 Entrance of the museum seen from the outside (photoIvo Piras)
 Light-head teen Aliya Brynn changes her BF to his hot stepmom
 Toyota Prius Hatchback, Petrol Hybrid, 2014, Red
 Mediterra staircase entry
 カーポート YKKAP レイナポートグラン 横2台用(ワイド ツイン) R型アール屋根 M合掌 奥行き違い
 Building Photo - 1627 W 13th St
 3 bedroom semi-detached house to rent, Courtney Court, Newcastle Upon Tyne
════════════════════
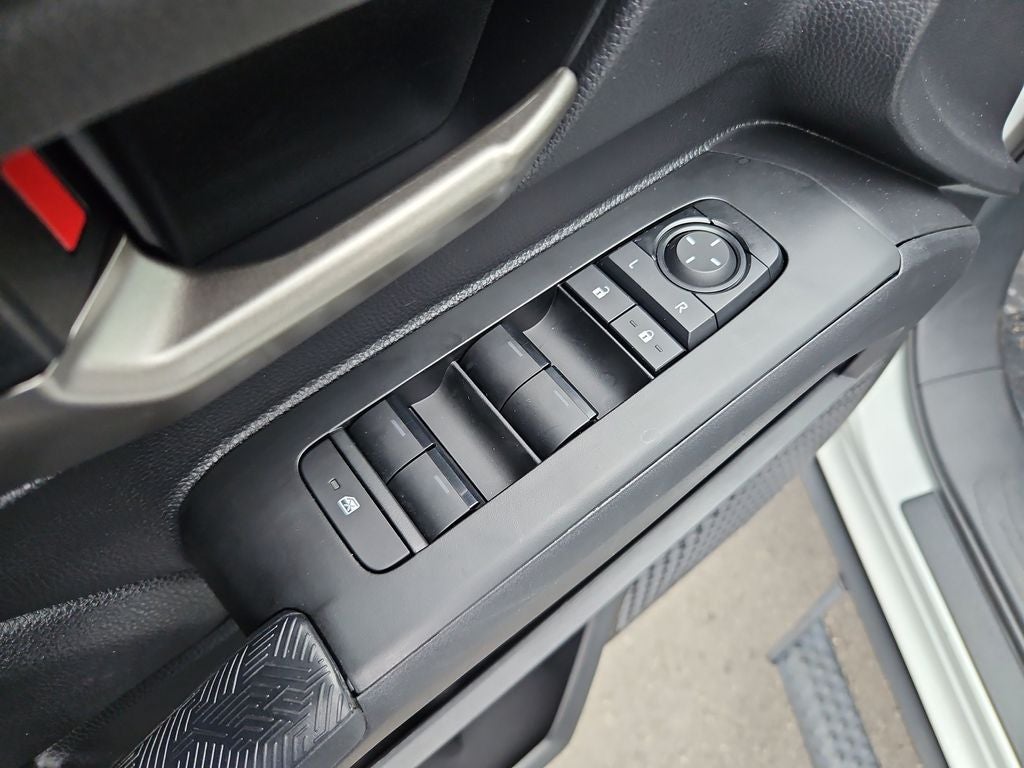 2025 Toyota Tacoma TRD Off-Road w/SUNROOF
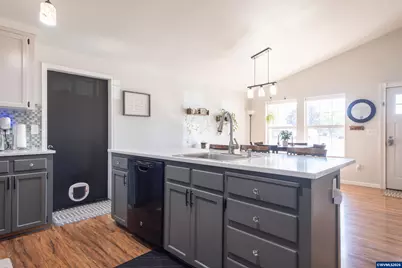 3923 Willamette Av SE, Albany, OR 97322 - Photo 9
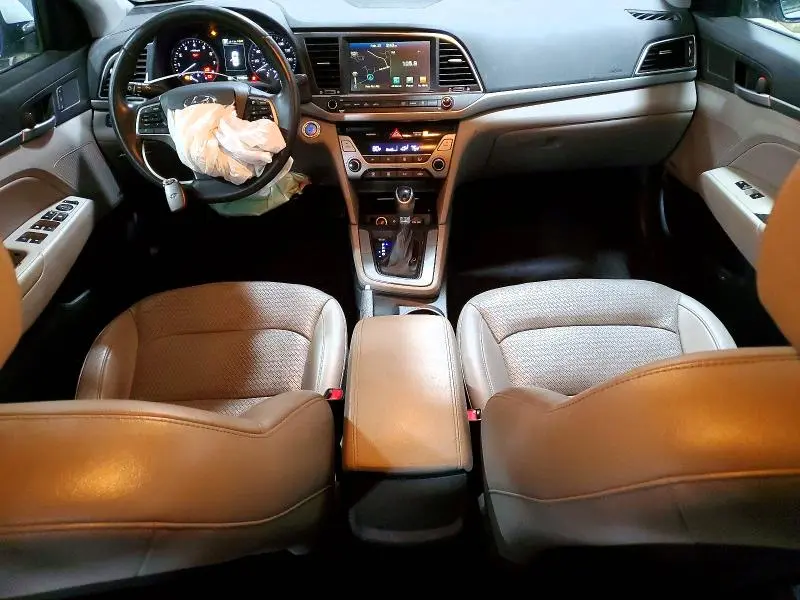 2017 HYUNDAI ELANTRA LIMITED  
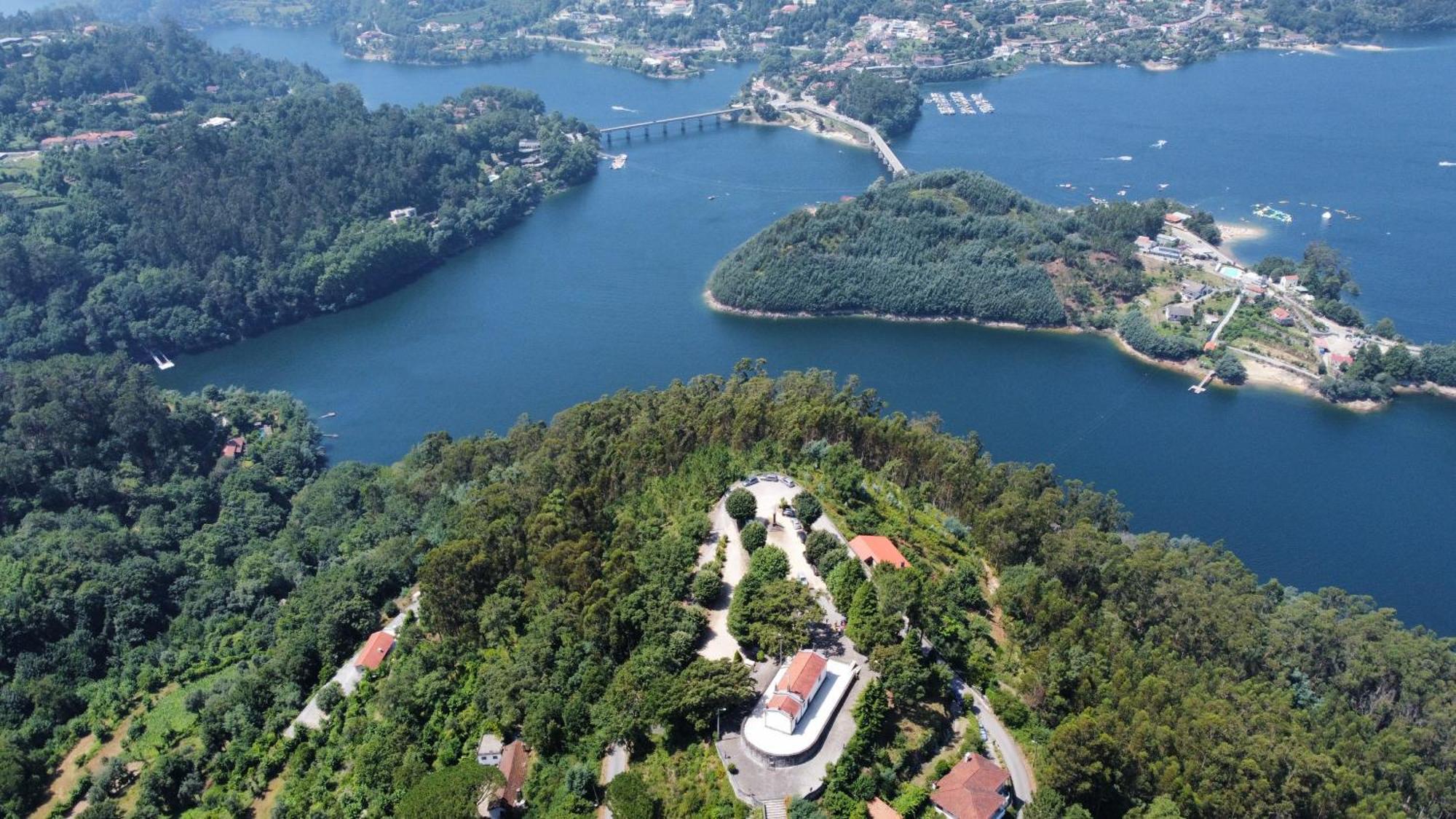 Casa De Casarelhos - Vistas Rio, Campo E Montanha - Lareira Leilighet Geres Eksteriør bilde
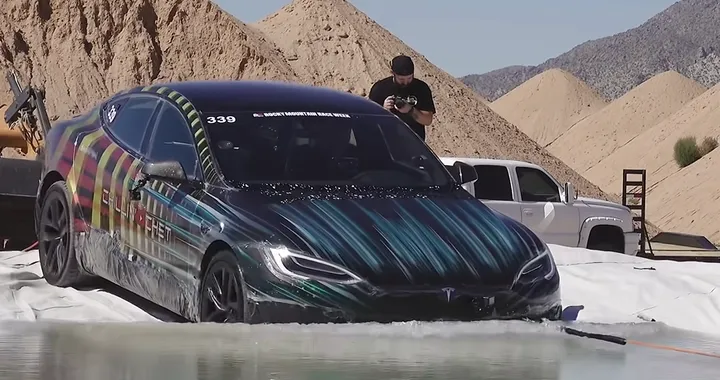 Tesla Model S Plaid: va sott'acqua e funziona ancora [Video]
════════════════════
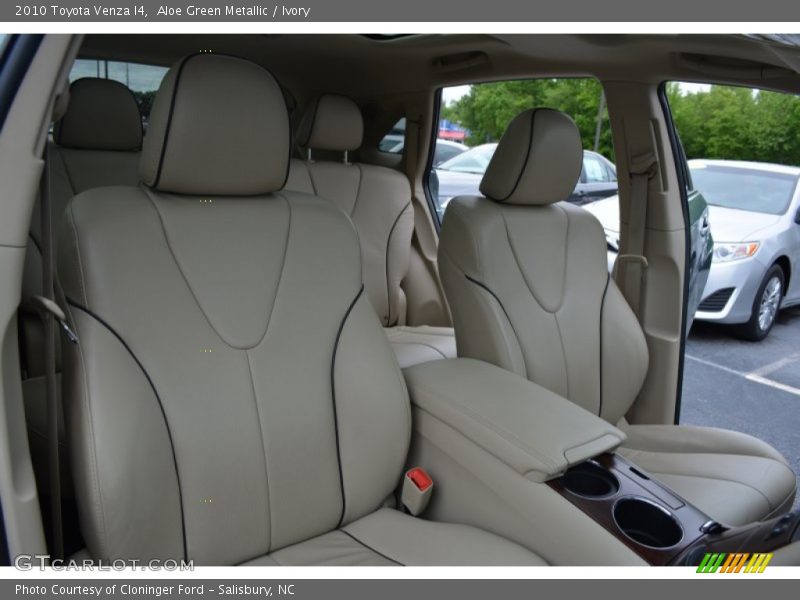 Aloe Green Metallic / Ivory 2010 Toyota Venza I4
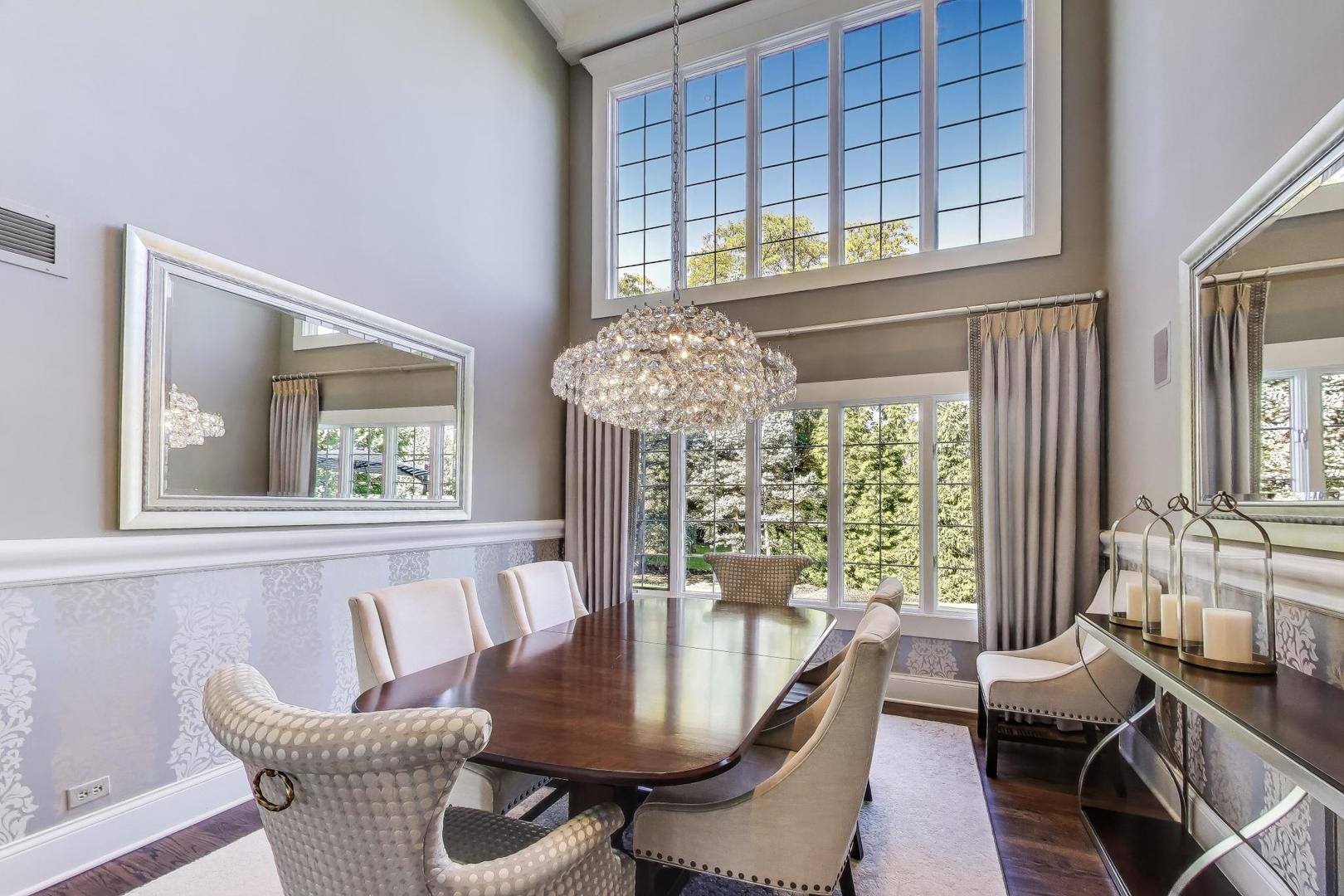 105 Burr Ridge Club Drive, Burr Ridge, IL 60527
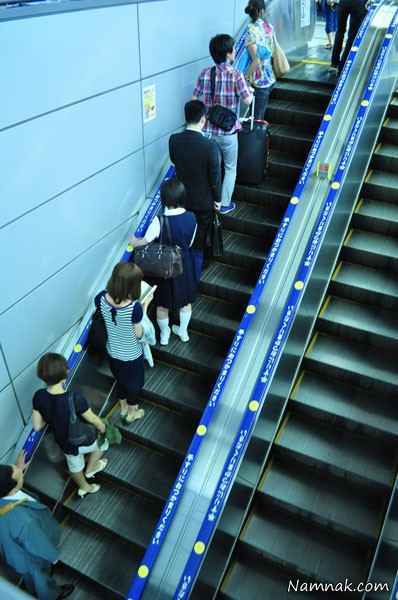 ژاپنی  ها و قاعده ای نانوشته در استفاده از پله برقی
════════════════════
== AIM OF THE TASK ==
Transcribe, exactly and without additions, the lines of the records above, beginning with the line that contains "Entrance of the" and ending with the line that contains "3 bedroom semi-detached", both included.

== SOLUTION TO THE EXERCISE ==
 Entrance of the museum seen from the outside (photoIvo Piras)
 Light-head teen Aliya Brynn changes her BF to his hot stepmom
 Toyota Prius Hatchback, Petrol Hybrid, 2014, Red
 Mediterra staircase entry
 カーポート YKKAP レイナポートグラン 横2台用(ワイド ツイン) R型アール屋根 M合掌 奥行き違い
 Building Photo - 1627 W 13th St
 3 bedroom semi-detached house to rent, Courtney Court, Newcastle Upon Tyne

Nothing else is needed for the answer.